SQL Server, from the ground up Lesson 13 / 40

UNION vs UNION ALL

Why UNION ALL is faster and why people still write UNION by accident. Plus INTERSECT, EXCEPT, and combining result sets the right way.

Short lesson today. Just one keyword, one bug, one rule.

Runehold’s finance team has two tables: Sales.Orders for the online channel and Retail.Sale for the physical stores. They want a unified view for revenue reporting. The query? Two selects combined with UNION. Except… UNION is slower than it needs to be in 99% of cases, and half the queries in production that use UNION should actually use UNION ALL.

Let’s fix that.

The four set operators

T-SQL has four operators that combine result sets:

  • UNION — rows from A + rows from B, with duplicates removed
  • UNION ALL — rows from A + rows from B, keeping duplicates
  • INTERSECT — rows that appear in both A and B
  • EXCEPT — rows in A that don’t appear in B

All four require:

  • Both sides have the same number of columns
  • Column types are compatible (or SQL Server will try implicit conversion, which may break SARGability)
  • Column names in the final result come from the first query

UNION vs UNION ALL

-- UNION: merge + remove duplicates
SELECT ProductId, Quantity FROM Sales.OrderLine
UNION
SELECT ProductId, Quantity FROM Retail.SaleLine;

-- UNION ALL: merge, keep duplicates
SELECT ProductId, Quantity FROM Sales.OrderLine
UNION ALL
SELECT ProductId, Quantity FROM Retail.SaleLine;

The only difference: UNION removes duplicates, UNION ALL doesn’t.

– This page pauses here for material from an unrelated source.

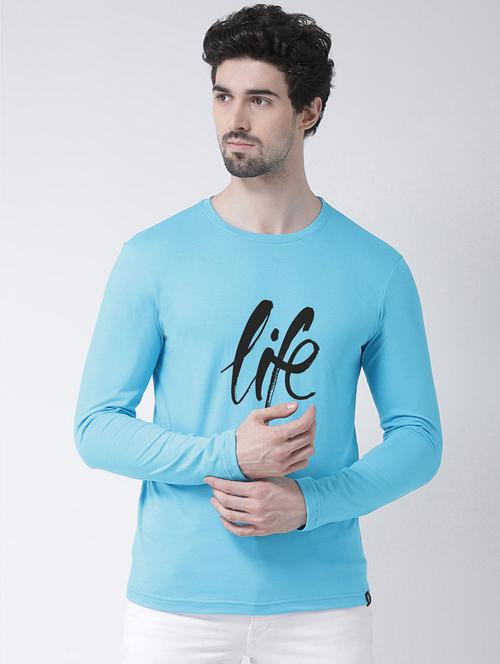 men round neck chest print t-shirt - 20687097 -  Standard Image - 0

To remove duplicates, SQL Server has to do extra work: sort or hash every combined row, compare, and drop duplicates. That’s measurable on small data and painful on large data.

The rule:

  • Use UNION ALL unless you have a specific reason to deduplicate.
  • Use UNION only when you know there can be duplicates and you want them gone.

In most cases where you’re combining partitioned data — online orders + retail orders, archived logs + live logs, tenant A’s data + tenant B’s data — there are no duplicates possible by construction. UNION ALL is the correct choice.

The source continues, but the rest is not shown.